Transcribe the full listing without changing a word, and omit its pictures.

_Given data_
- - -

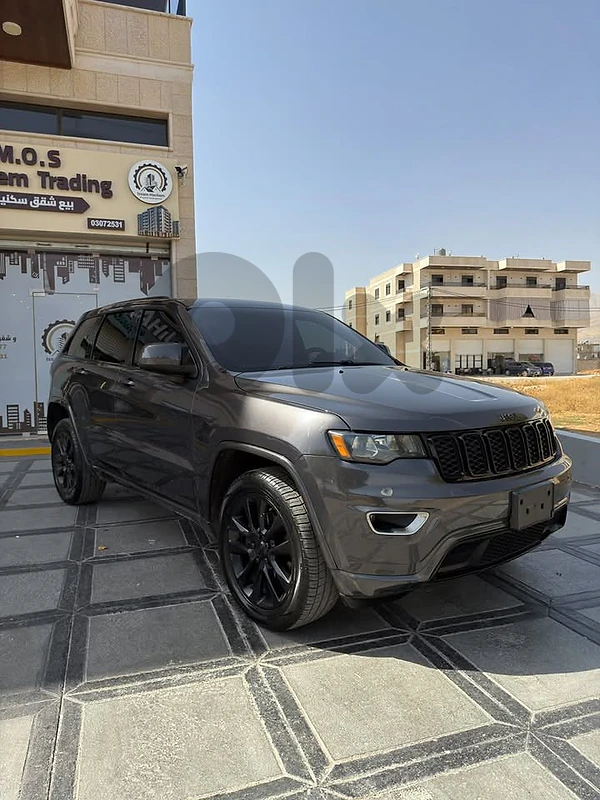 Grand cherokee altitude 2017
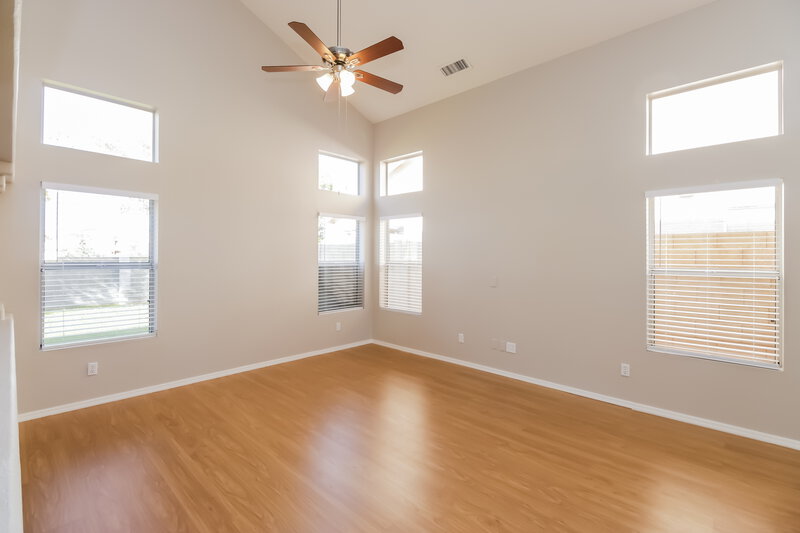 2,540/Mo, 1366 E Vaughn Ave Gilbert, AZ 85234 Living Room View 3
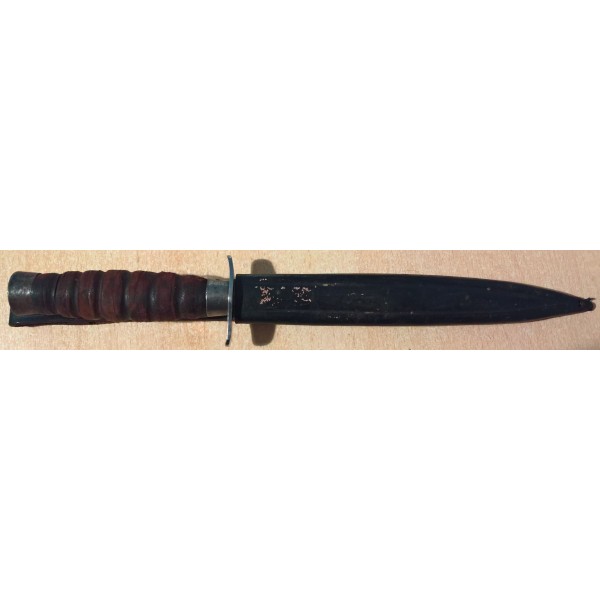 Poignard de combat guerre...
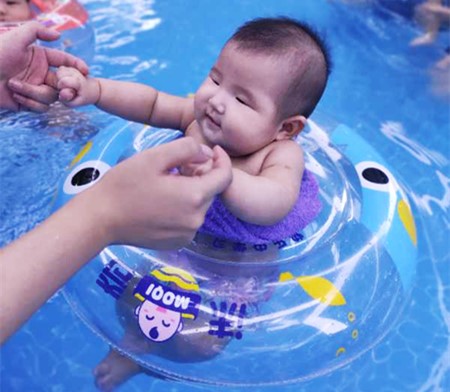 婴幼儿游泳有几个阶段？每个阶段有什么意义，内容全面太值得学习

- - -

_The answer_
 Grand cherokee altitude 2017
 2,540/Mo, 1366 E Vaughn Ave Gilbert, AZ 85234 Living Room View 3
 Poignard de combat guerre...
 婴幼儿游泳有几个阶段？每个阶段有什么意义，内容全面太值得学习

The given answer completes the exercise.